Based on the mother's complete failure to improve her situation after three years and three deprivation actions, the juvenile court granted DFACS's motion to suspend reunification efforts and extended DFACS's temporary custody of the children. At the November 12, 1998 hearing on that motion, at which the mother was present, DFACS indicated its desire to pursue termination of parental rights.
On May 20, 1999, DFACS filed a petition for termination of parental rights. A summons was issued for the mother on May 28, 1999, to notify her that the petition had been filed and of a hearing for the purposes of terminating her parental rights. There is no indication in the record as to when, how, or whether the mother was served with the summons or the petition.
On October 11, 1999, the juvenile court conducted a hearing on the termination petition. Prior to the hearing, counsel for DFACS represented to the court that service had been perfected on the parents. The parents' attorney stated that his clients, although not present, “were notified through the mail by the Department.” He also stated that he had not been able to locate them by mail or telephone.

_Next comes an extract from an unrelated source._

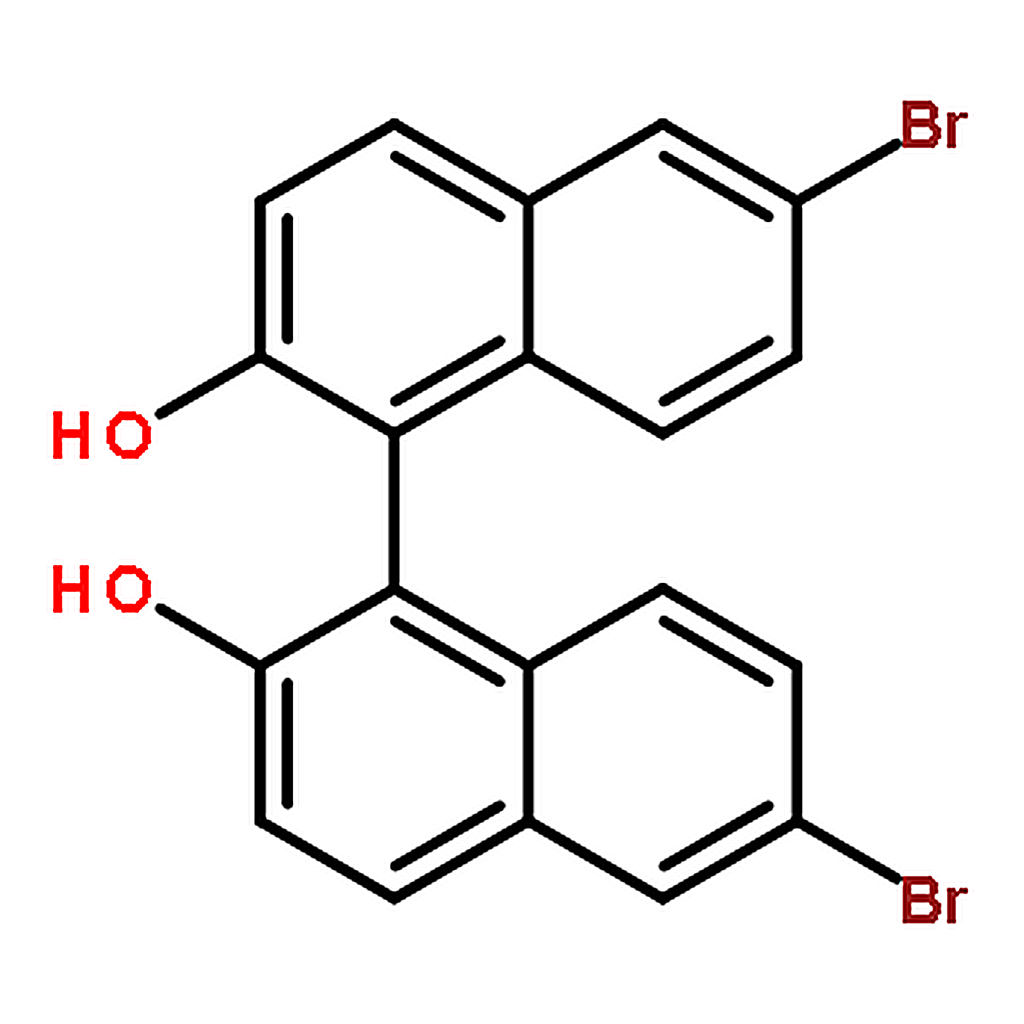 RHAWN 6,6'-Dibromo[1,1'-binaphthalene]-2,2'-diol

DFACS presented one witness at the hearing—the DFACS caseworker assigned to the children.2 He testified that he sought to have the mother served at her last known address, as set forth in the petition. He also testified that although the father had notified DFACS that the mother was living with him at a different address, no one had attempted to confirm whether she was actually there. Immediately after DFACS presented its case, the parents' attorney presented closing argument in which he stated that he did not believe the mother had received notice of the hearing and requested that the court defer termination until the mother received actual notice of the proceedings. The court nevertheless granted the termination petition, finding that the children were deprived, that they would continue to be deprived, and that it would be in their best interests to terminate the mother's and fathers' parental rights.

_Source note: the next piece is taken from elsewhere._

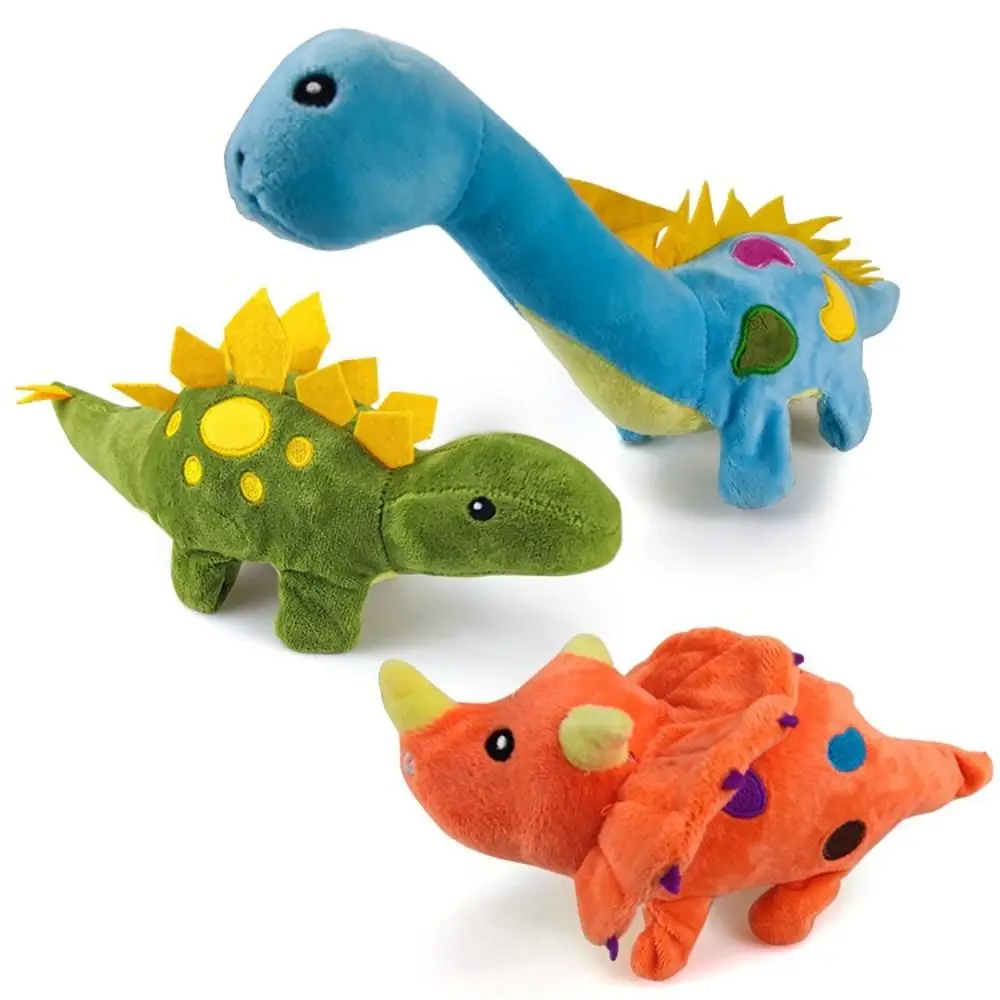 Simulação brinquedo de dinossauro elétrico branco diy dinossauro eletrônico pelúcia bonito andando em movimento brinquedos para animais de estimação presente de aniversário para meninas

1. Pursuant to OCGA § 15–11–83(c),3 a summons, with the petition for the termination of parental rights attached, must be served at least 30 days before the time set for the hearing in the manner provided for in OCGA § 9–11–4. Personal service of the petition in a termination action is not only required by statute, but also is constitutionally required.4
Applying these legal principles to the record before us, we find that service of process on the mother was insufficient. There is no evidence that the mother was served personally with the summons and petition or by leaving a copy at her dwelling house or usual place of abode with a person of suitable age and discretion then residing therein.5 The fact that she may have had actual notice of the termination proceeding would not cure the defective service.6
Relying on In the Interest of D.R.W.,7 DFACS argues that any defects in service of process were waived. We disagree.
In that case, the attorney for D.R.W.'s mother never raised the issue of insufficiency of service of process at the termination hearing. Also D.R.W.'s mother had failed to appear for two prior hearings, giving the attorney a good faith basis to raise the issue of service at those hearings.8
Here, the mother's attorney did raise the issue of insufficiency of service of process at the hearing. In addition, the mother attended at least four hearings prior to the hearing on the termination petition. Her attorney therefore had no prior opportunity to raise the issue.
In termination of parental rights cases, because of their sensitive nature and the infringement on fundamental liberties they entail, we recognize that we must be vigilant to protect the parties' rights and interests by observing all formalities required by law, including proper service of process. We therefore refuse to establish inflexible rules designed to make waiver more likely but instead choose to evaluate each individual case on its particular facts to determine if a waiver has occurred.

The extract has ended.